Most of the people in our concentric circles that we initially told about our plan looked at us like we had developed some sort of deformity. A few of them … well-intentioned of course … seemed to undertake some sort of personal ministry to pull us out of the depths of our despair and heal our ugly deformities. Others simply wrote us off and ceased to have anything to do with us since we no longer fit into their life schemes. A few look at what we are doing, wish they could do what we are doing, but are still wearing fetters that secure them to their own choices.

This is a dream that we began exploring and planning quite soon after we signed the mortgage papers on this house twelve years ago. We considered a lot of options and alternatives that would compliment the inherent nature of free spirited people. We did a lot of reading and studying on the subject. There are options and alternatives that had to be waded through … something of a sifting process … to finally arrive at the best solution to satisfy our needs.

Was signing those papers the right thing to do? It seemed so. It was socially correct and provided a roof over our heads. It also quickly became a stark realization that we were fettered to something that controlled us to the Nth degree, kept our noses to the grindstone laboring for the man, kept us greasing the gears of the social and economic machinery, kept us playing the game, and kept us from living from the heart with spontaneity and creativity.

Signing those papers kept our bodies within the realm of humans doing when everything in our hearts … everything in our spirits … wanted the freedom to live as humans being.

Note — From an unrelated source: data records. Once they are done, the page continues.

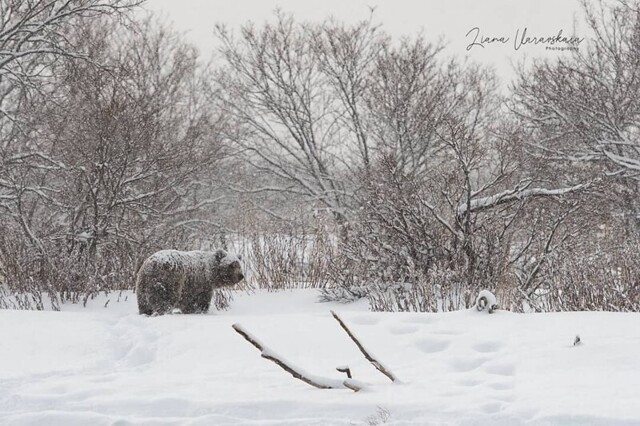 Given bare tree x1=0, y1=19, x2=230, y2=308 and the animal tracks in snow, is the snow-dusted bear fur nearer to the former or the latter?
bare tree x1=0, y1=19, x2=230, y2=308

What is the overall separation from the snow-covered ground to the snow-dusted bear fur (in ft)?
3.07

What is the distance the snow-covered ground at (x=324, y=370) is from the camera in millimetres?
3425

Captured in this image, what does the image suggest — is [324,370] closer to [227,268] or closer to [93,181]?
[227,268]

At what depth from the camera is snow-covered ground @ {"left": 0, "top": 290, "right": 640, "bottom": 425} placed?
11.2 feet

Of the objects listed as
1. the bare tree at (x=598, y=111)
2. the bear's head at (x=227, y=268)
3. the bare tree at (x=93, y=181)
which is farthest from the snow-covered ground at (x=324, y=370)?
the bare tree at (x=598, y=111)

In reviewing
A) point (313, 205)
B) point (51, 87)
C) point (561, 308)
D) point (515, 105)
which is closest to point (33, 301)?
point (561, 308)

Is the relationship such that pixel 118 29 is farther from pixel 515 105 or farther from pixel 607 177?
pixel 607 177

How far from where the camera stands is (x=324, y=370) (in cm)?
498

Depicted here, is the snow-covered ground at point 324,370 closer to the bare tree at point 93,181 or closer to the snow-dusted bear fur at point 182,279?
the snow-dusted bear fur at point 182,279

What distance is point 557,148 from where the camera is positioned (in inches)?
635

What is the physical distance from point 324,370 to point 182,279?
152 inches

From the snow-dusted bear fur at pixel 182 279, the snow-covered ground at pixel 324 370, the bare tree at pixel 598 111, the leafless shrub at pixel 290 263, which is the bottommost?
the snow-covered ground at pixel 324 370

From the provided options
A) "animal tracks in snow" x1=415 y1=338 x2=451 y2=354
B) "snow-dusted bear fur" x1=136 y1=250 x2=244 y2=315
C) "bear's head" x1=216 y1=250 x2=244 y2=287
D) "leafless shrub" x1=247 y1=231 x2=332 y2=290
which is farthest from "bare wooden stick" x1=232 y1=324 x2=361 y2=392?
"leafless shrub" x1=247 y1=231 x2=332 y2=290

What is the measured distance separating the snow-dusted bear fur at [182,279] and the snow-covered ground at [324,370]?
0.94 m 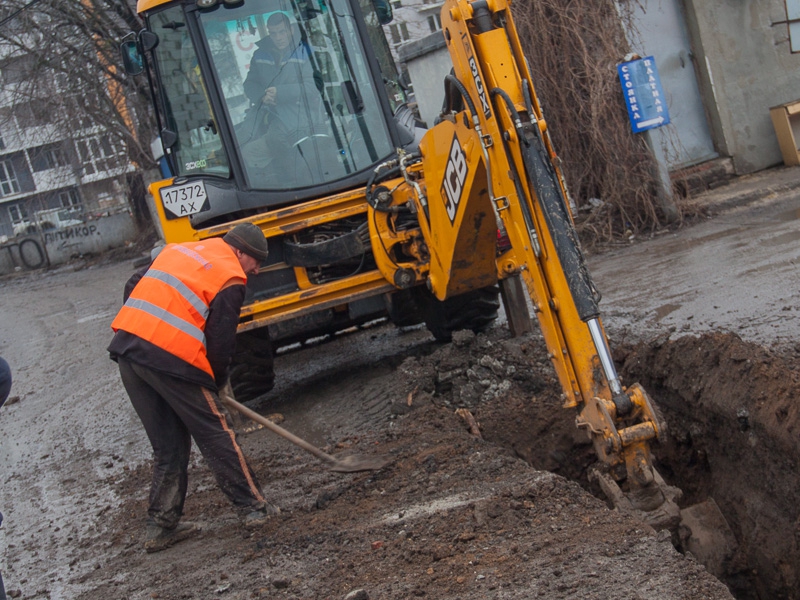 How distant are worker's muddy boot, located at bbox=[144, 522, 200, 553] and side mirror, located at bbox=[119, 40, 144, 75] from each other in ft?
11.0

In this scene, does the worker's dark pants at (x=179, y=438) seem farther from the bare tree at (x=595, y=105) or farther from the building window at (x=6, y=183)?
the building window at (x=6, y=183)

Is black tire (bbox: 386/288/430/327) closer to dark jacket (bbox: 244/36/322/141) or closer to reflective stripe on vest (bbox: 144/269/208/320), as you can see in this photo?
dark jacket (bbox: 244/36/322/141)

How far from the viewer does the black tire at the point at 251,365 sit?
20.1 feet

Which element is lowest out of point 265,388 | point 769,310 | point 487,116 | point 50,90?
point 769,310

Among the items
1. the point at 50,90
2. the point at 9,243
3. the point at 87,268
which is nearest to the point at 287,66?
the point at 50,90

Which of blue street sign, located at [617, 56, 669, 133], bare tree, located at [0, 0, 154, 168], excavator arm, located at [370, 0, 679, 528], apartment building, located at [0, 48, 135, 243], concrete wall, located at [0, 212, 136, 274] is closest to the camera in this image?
excavator arm, located at [370, 0, 679, 528]

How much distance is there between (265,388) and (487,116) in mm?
3212

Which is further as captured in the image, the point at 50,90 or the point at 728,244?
the point at 50,90

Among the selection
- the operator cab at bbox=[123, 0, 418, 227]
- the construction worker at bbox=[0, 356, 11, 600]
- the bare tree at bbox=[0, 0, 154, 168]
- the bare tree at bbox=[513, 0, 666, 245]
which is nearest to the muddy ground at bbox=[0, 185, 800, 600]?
the construction worker at bbox=[0, 356, 11, 600]

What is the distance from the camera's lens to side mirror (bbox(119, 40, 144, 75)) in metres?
6.10

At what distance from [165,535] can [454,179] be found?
2.43 m

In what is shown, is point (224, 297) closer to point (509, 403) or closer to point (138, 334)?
point (138, 334)

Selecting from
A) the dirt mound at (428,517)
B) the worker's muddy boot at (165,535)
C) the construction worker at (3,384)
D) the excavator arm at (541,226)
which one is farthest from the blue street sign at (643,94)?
the construction worker at (3,384)

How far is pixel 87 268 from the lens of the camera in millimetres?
22250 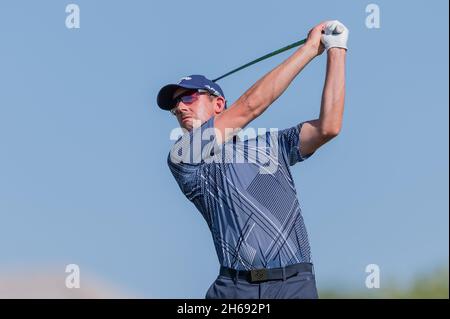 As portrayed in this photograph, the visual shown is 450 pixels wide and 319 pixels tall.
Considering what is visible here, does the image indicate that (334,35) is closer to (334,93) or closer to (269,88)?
(334,93)

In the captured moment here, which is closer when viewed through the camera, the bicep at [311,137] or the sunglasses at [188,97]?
the bicep at [311,137]

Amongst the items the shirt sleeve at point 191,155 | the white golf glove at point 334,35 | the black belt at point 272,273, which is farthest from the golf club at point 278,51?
the black belt at point 272,273

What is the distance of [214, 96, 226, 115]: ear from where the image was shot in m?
12.1

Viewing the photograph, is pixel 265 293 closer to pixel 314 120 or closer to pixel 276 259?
pixel 276 259

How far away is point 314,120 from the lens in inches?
441

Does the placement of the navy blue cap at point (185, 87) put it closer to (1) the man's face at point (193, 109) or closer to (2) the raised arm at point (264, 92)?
(1) the man's face at point (193, 109)

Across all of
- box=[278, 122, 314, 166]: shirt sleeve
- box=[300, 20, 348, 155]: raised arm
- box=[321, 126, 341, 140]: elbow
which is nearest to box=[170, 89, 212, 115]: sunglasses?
box=[278, 122, 314, 166]: shirt sleeve

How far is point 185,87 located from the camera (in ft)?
39.3

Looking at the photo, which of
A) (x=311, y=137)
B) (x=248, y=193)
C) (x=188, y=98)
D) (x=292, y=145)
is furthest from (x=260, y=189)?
(x=188, y=98)

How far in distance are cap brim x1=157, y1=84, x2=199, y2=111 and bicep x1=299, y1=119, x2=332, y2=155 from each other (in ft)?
4.32

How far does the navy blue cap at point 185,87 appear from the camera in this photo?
12.0 meters

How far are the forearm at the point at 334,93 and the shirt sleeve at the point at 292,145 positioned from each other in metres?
0.44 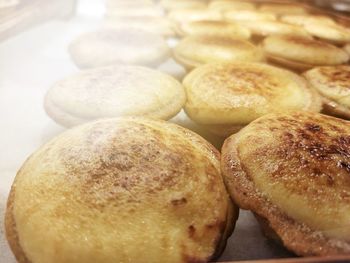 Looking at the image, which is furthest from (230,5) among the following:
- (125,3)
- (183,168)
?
(183,168)

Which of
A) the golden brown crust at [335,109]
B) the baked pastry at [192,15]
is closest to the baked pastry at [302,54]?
the golden brown crust at [335,109]

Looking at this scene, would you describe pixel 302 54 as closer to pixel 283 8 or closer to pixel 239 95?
pixel 239 95

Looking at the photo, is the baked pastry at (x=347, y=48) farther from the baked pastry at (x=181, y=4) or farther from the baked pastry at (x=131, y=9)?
the baked pastry at (x=131, y=9)

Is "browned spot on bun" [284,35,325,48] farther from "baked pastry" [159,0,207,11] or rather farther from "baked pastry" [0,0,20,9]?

There are a lot of how-to guides on how to build a bed in a van. We looked at a lot of them. Some of them are complicated contraptions. When it came time to do the bed build I simply figured a little material list to build something solid that would accommodate the queen sized mattress. I’m not going to go into detail on the construction in this blog. I did post an album of pictures on my FB page that gives something of a little step by step detail on the construction. The actual building of it can be accomplished in good day if you want to bow up and get after it. I split that good day up over two days and went about it more casually.

We are just a few more steps away from doing some roaming and wandering.

Two interesting words.

Roam and wander.

Roamers and wanderers are given a bad rap when you take the dictionary definitions at face value. Those definitions apply bad connotations to folks like us. The definitions make it sound like our roaming and wandering is purposeless.

Bunk.

Poppycock.

Roaming and wandering is replete with assorted levels of purpose and experience.

Freedom ..... Spontaneity ….. Creativity ..... Watching sunrises and sunsets ….. Unencumbered ….. Unrushed ….. Unharried ….. Babbling brooks ….. Starlit skies ….. Snowcapped mountain ranges ….. Sights galore …. No uninvited and unwelcomed drama and bullshittery ….. Rubber Tramp Rendezvous' ….. Owning time rather than time owning us …..

Just to name a few.

Yes.

This is PURPOSE. This is purposeful roaming and wandering.